Repeat each line of the material below exactly as it appears, minus any pictures.

╭─ Supplied data

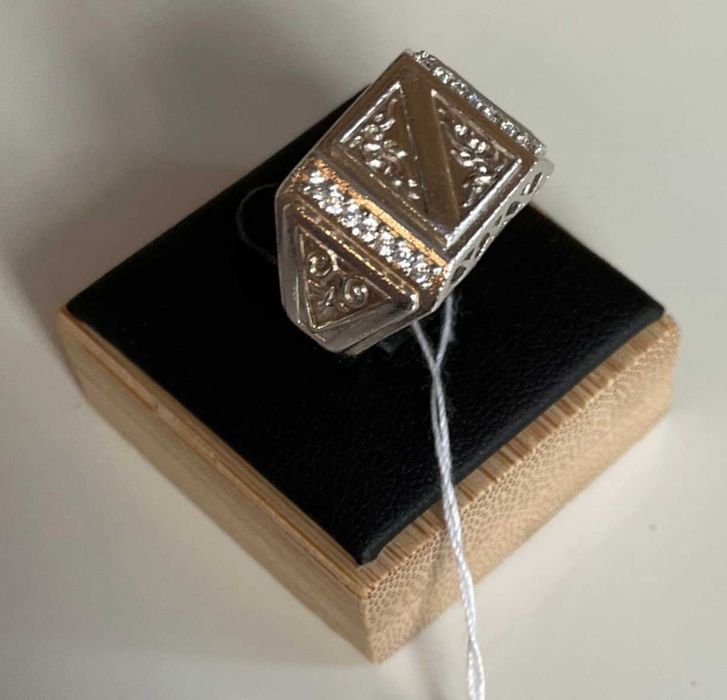 Мъжки сребърен пръстен с фианити – проба 925 – 6,10 гр – НОВ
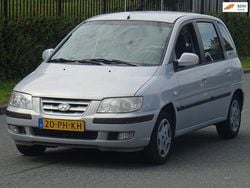 Grijs Gebruikt 2004 Hyundai Matrix Style MPV | € 2.499 (Eerlijke prijs)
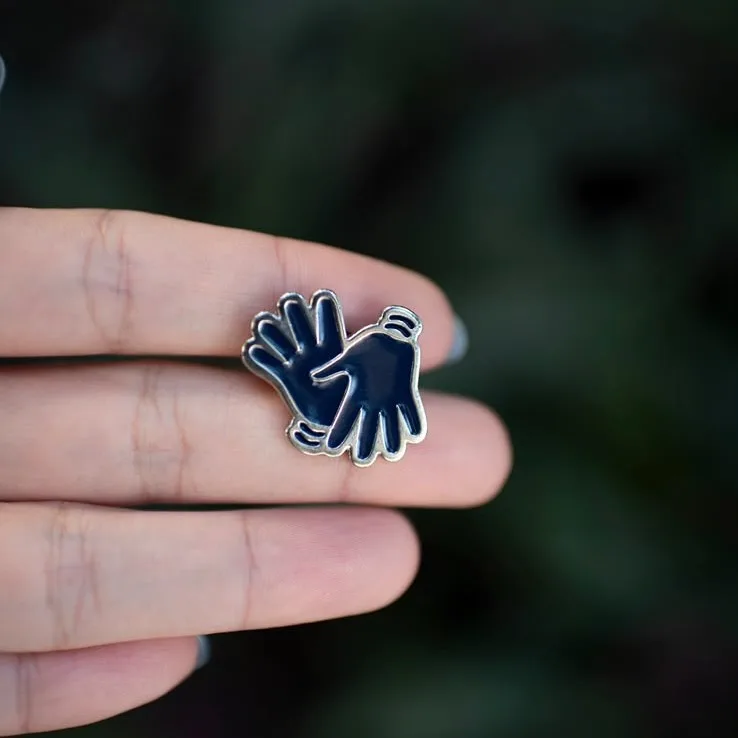 Pin Libras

╰─

_Completed exercise_:
 Мъжки сребърен пръстен с фианити – проба 925 – 6,10 гр – НОВ
 Grijs Gebruikt 2004 Hyundai Matrix Style MPV | € 2.499 (Eerlijke prijs)
 Pin Libras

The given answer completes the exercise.